Michael Douglas is a wacky dad! Evan Rachel Wood is an overly-mature teen! Unfortunately, the best part of watching this film is hearing Wilco’s "California Stars" play over the end credits, marking the end to a familiar story with one-too-many cute-clever tricks up its sleeve. I’ve got one nagging question: do they really sell scuba gear at Costco?
(Extra points to Douglas for growing/sporting the world’s most obvious Don Quixote beard for the year’s most obvious Don Quixote-esque character.)
A surprisingly good based-in-truth journalism story about a hungry sportswriter who happens upon a long-forgotten boxer, "Champ" benefits from an unusually vulnerable performance by Sam Jackson (with a high raspy voice and jittery, downcast eyes). Josh Hartnett puts in a pretty good desperation-tinged turn himself, and the script pulls both together nicely on a theme of love and baggage between fathers and sons.
As awe-inspiring as it is to watch man-made rockets launch into space, seeing said Discovery Channel-esque footage played over and over again (at least, footage that looks the same — who can tell their Apollo 7s from their Apollo 17s?) becomes terribly repetitive over the course of 100 minutes, despite the occasionally witty remarks of former astronauts (especially Apollo 11 orbiter Michael Collins) who have been there, done that, walked on the moon.

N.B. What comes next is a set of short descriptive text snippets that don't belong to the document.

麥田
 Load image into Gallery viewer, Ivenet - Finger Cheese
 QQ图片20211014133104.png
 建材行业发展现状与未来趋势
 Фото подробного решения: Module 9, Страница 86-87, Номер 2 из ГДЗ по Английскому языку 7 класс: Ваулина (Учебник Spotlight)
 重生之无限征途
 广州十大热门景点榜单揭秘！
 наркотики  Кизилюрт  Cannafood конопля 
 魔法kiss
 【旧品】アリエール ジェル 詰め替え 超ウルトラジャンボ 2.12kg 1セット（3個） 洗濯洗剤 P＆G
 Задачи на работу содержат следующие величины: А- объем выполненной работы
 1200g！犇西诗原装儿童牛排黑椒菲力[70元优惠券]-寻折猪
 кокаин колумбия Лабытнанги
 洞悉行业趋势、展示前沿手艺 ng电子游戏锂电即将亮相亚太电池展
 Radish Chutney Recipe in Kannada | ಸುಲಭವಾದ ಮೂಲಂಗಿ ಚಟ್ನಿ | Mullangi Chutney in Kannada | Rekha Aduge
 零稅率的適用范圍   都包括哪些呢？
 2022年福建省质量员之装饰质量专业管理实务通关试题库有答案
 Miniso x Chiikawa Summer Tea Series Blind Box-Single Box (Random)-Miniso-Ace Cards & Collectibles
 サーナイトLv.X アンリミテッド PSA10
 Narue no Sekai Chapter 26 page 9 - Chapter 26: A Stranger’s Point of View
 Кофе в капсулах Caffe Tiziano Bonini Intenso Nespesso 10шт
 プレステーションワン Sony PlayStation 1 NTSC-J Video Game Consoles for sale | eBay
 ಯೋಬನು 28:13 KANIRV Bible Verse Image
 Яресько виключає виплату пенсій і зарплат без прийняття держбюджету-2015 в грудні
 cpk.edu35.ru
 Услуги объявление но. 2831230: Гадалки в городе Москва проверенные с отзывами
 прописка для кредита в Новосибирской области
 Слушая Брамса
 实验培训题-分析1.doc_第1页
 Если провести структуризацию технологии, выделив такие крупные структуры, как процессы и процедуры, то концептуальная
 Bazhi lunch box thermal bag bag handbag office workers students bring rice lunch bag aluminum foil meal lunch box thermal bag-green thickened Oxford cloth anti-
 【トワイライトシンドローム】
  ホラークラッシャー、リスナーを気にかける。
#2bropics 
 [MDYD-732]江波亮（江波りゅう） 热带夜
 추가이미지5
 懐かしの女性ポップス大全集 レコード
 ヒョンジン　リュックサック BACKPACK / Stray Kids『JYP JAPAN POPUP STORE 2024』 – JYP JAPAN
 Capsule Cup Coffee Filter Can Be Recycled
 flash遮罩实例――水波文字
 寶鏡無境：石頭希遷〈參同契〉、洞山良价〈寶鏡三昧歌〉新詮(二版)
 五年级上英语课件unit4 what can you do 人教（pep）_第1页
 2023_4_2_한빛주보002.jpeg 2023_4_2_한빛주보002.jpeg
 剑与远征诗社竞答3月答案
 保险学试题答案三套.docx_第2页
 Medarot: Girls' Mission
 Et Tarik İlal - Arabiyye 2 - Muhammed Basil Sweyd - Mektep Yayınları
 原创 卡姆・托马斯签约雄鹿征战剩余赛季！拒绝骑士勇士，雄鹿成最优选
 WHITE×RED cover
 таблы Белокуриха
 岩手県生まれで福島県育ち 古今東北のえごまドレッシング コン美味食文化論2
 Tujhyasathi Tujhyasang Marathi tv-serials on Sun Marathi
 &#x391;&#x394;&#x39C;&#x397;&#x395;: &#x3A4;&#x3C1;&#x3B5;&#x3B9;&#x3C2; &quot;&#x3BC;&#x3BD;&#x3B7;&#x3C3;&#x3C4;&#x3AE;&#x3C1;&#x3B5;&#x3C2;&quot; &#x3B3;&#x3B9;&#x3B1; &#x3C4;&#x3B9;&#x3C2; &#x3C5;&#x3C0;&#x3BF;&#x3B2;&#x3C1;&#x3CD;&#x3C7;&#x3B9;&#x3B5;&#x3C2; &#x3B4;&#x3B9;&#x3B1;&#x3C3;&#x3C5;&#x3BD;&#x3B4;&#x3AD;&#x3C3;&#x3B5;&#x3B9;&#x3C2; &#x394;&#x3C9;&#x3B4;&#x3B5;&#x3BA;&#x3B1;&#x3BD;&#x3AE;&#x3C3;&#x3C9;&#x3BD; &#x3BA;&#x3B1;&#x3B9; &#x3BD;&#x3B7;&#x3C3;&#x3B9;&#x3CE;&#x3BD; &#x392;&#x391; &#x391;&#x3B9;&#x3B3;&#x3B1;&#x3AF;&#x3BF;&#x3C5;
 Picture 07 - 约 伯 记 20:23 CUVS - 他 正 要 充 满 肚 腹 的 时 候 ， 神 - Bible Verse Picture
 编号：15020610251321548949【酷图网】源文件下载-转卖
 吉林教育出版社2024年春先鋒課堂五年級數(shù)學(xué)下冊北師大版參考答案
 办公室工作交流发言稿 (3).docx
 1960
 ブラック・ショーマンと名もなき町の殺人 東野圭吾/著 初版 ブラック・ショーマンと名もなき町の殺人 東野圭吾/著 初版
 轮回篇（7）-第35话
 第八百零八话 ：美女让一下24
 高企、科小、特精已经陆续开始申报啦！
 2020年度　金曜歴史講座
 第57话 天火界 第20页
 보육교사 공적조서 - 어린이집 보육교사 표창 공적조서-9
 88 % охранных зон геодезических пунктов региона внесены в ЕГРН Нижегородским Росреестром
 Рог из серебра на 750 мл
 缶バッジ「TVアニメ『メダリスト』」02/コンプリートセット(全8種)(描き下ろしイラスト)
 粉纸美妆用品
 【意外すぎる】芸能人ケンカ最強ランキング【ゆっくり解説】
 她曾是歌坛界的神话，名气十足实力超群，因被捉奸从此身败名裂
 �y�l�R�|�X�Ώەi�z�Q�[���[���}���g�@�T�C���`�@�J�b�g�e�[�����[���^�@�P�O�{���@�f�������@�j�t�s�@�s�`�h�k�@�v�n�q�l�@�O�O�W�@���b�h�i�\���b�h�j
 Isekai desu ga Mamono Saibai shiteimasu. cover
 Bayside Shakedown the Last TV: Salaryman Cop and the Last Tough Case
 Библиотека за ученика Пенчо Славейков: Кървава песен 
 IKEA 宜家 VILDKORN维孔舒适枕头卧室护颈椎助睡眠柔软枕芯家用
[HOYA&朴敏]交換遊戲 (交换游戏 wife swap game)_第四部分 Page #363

Justin Theroux‘s rom-com directorial debut is pretty conventional stuff — boy (Billy Crudup) meets girl (Mandy "Candy" Moore), boy begrudgingly falls in love with girl, boy’s personal dysfunctions alienate girl, boy must win back girl in the quirkiest way possible — but adds just enough intrigue to the mix (including Tom Wilkinson as Crudup’s beyond-the-grave mentor and a handful of colorfully painted characterizations) to make this love story not-so-routine. Moore’s dyed-dark hair and kohl-rimmed eyes (and at times, Crudup’s overly flamboyant mental illness schtick) are often "we’re putting on a show"-level distracting, but who can resist a love story set in Montauk, Long Island?
Luc Besson fans and lovers of old black and white romances may be able to forgive "Angel-A" its shortcomings; the tale of a diminutive down-on-his-luck hustler who saves (or is it the other way around?) an astronomically leggy blonde from jumping off a bridge is fun, touching, and beautifully shot on the streets of Paris, but cuts too quick to a convenient denouement to be fully believable. That aside, the 5’10" former Victoria’s Secret model (and aspiring filmmaker) Rie Rassmussen is phenomenal as the titular beauty in only her second feature-length gig, and her chemistry with French actor Jamel Debbouzze ("Amelie") is delightful to watch.
Talk about a road movie. This winding soul search of a film stars Lou Taylor Pucci as a nineteen-year-old who, alone after the death of his mother, steals a car and sets off across the Midwest in search of a long-lost half-brother; along the way, we can predict he’ll meet a bevy of oddball characters, each whom will help him along his quest in their own quirky way. Uneven pacing and too many brief cameos make some stretches of this film as long as a dusty highway and just as empty, though rolling, atmospheric music by indie folkster M. Ward carries you along, at least for a bit.